F.B.I. probing $6 million payment to UB, says council member

 

         BRIDGEPORT REPORT

 

 By Reginald Johnson

 

   BRIDGEPORT ---- The F.B.I. is investigating the city’s payment of $6 million to the University of Bridgeport for land to build a new high school, according to a city council member.

  “Please note that I have it on good authority that the illegal $6,000,000 purchase of TWELVE U.B. parcels is ALREADY under investigation by the F,B.I. and I am all in for it,” wrote Councilwoman Maria Pereira in a letter to other members of the City Council, following a contentious meeting of the council’s budget committee Monday night.

  Pereira, a few other members of the council and some community leaders have been questioning the legality of the payment to UB ever since it was authorized by the city’s School Building Committee in July of last year. The money was intended to purchase property that would allow for the construction of a new Bassick High School.

 Pereira and others charge that the school building committee did not have the authority on its own to authorize the payment by the city and that the full City Council had to approve the payment before it was made, under the terms of the City Charter.

  Pereira, who represents part of the East Side, said in an interview that she did not make a complaint to the F.B.I., but fully backs a federal probe.

  “I have no doubt that the school building committee had zero authority to authorize a land acquisition to purchase 12 parcels of UB property for $6 million without any City Council approval. I’m 100% positive it was illegal,” said Pereira.

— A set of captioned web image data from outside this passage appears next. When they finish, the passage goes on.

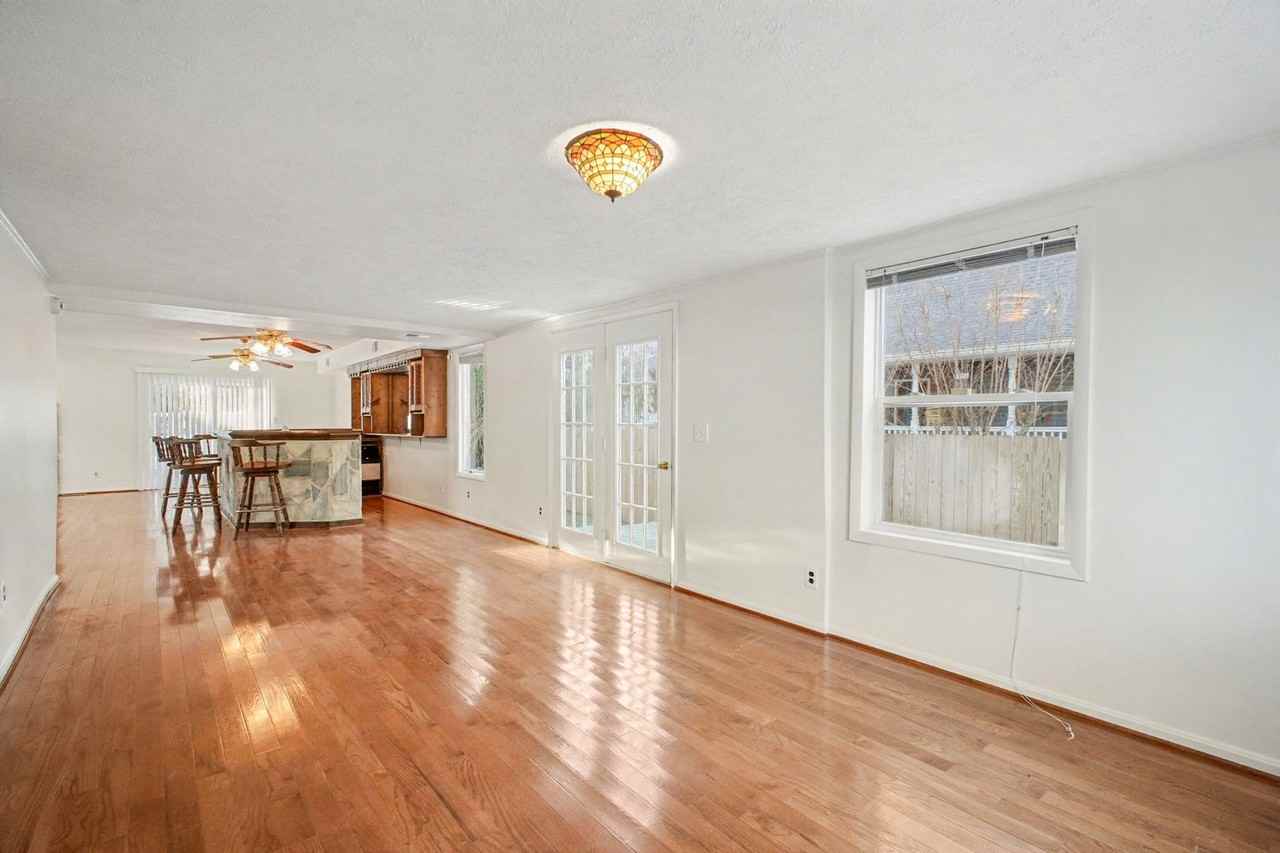 122 Cedar Ave - Photo 2 of 40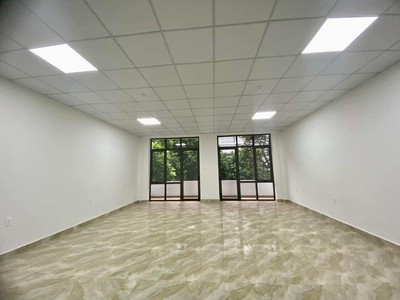 Cho thuê tòa nhà 6,5 tầng tuyến 2 lê hồng phong 84 m giá 60 tr 1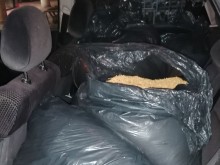 Полицаи спряха за рутинна проверка кола на бул. "България", арестуваха шофьора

  An F.B.I. official at the Bridgeport office would not comment on any possible investigation.

  “We would not give any information out on something like that, one way or the other,” the official said.

  Jorge Cruz, a council member from the South End, backs the idea of a federal probe.

   “Definitely it needs to be investigated,” said Cruz, who has been a critic of the Bassick High School plan and also raised concerns about the $6 million payment.

  Cruz and others such as the Rev. D. Stanley Lord, president of the Bridgeport NAACP, said they wondered why the deed of sale for the property purchased said the tract was conveyed for $1, not $6 million.

  “What was that?” said Lord.

  The property in question sits off of Lafayette and Broad streets, and includes several UB dorms and the university soccer field. Under the tentative plans for the new high school, the dorms would be demolished.


The property at the University of Bridgeport purchased by the city for the new Bassick High School.


   The high school project at UB was pegged at a cost of $115 million, derived from both state and city funding. But city officials right now are moving to spend another $8 million on construction, though Pereira claims the figure is actually $12 million.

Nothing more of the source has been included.